A modular data preparation CLI for ingestion, profiling, classification, preprocessing, and export pipelines

These details have not been verified by PyPI

Project description

🗂️ Data Pill

A modular, open-source data preparation CLI for developers, data analysts, data scientists, and data engineers.

datapill gives you a single command-line tool to ingest, profile, classify, preprocess, and export data — from any source, to any destination — with a clean pipeline model and full artifact tracking. A hosted SaaS is coming soon.

💡 Why Data Pill?

Most data prep work happens in ad-hoc scripts, notebooks, or half-finished internal tools. datapill replaces that chaos with a reproducible, composable pipeline that works the same way whether you're exploring a CSV on your laptop or processing millions of rows from Kafka in production.

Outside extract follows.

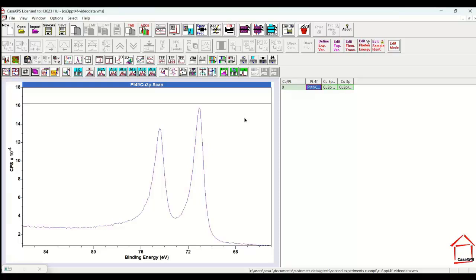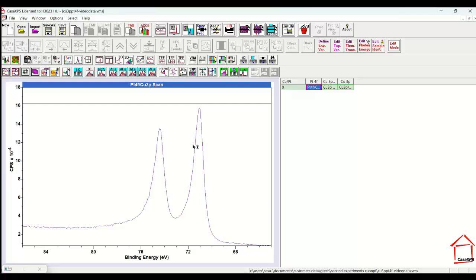But in order to construct a peak model, we have to come up with components that correspond to the different chemical states within a material. And then we have to relate these components in some way, relational constraints between the different photoemission lines. More importantly, what we have to do is come up with line shapes for these component peaks that correspond meaningfully to the background curve that we choose to remove the inelastically scattered signal from these data.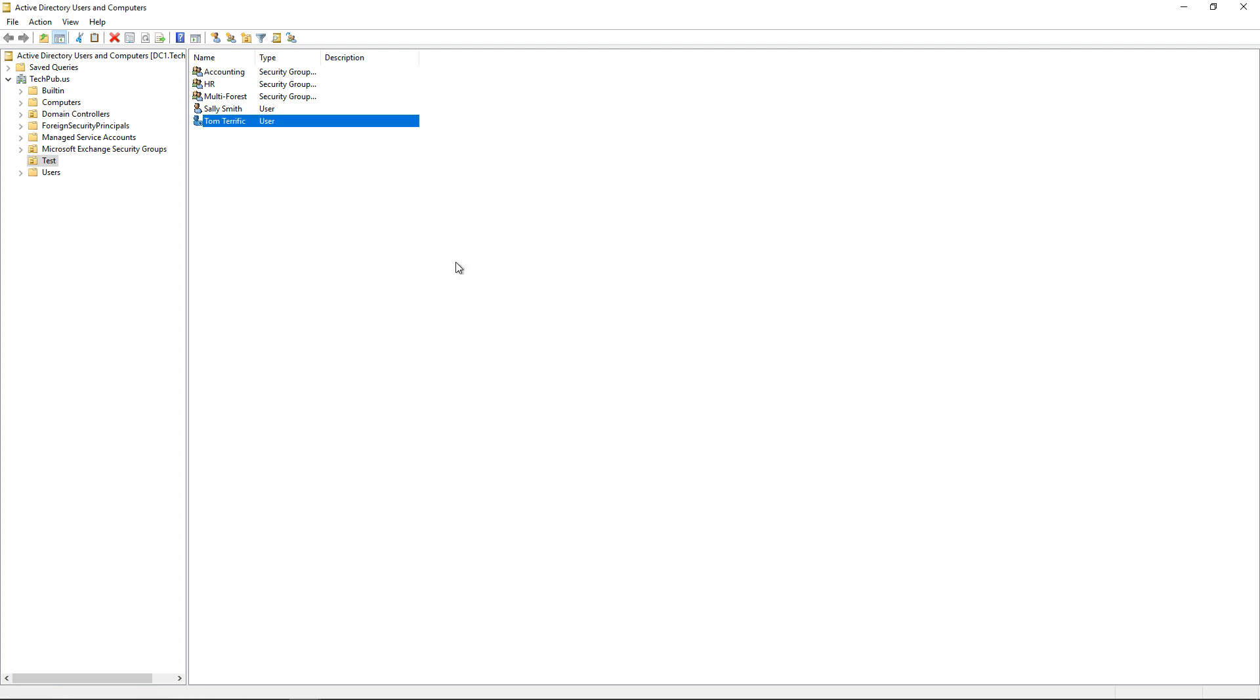But if you're not going to be there the day that Tom gets let go, you may want to consider just having the automatic expiration set up. And this also works just as well with temporary employees, where they have a specific start and end time.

	If you are…	datapill helps you…
🧑‍💻	Developer	Build data pipelines from config files, run them in CI, generate standalone Python scripts
📊	Data Analyst	Profile any dataset in seconds, detect nulls, distributions, and anomalies without writing code
🤖	Data Scientist	Classify columns by semantic type, preprocess features (scaling, imputation, encoding) with one command
⚙️	Data Engineer	Stream-ingest from Postgres, MySQL, S3, Kafka, REST APIs; write back with upsert support

📦 Installation

pip install datapill

Requires Python 3.11+.

This installs the core CLI (~200 MB) with rule-based classification, profiling, preprocessing, and export. No ML model is required.

With embedding support

To use --mode embedding or --mode hybrid in dp classify, install the ML extras (~3.5 GB, includes PyTorch and sentence-transformers):

pip install "datapill[ml]"

Note: Without [ml], hybrid mode still works — it runs rule-based classification for all columns and skips the embedding fallback. Only columns that would otherwise be sent to the embedding model are affected.

Verify the install:

dp --help

🚀 Quick Start

1. Ingest a local CSV

dp ingest --source local_file --path data/sales.csv

2. Profile the dataset

dp profile --input <run_id>

3. Classify columns by semantic type

dp classify --input <run_id> --mode hybrid

4. Preprocess with a pipeline config

dp preprocess --input <run_id> --pipeline pipeline.json

5. Export to Parquet

dp export --input <run_id> --format parquet --out-path output/result.parquet

🛠️ Commands

`dp ingest`

Stream data from any supported source into the artifact store.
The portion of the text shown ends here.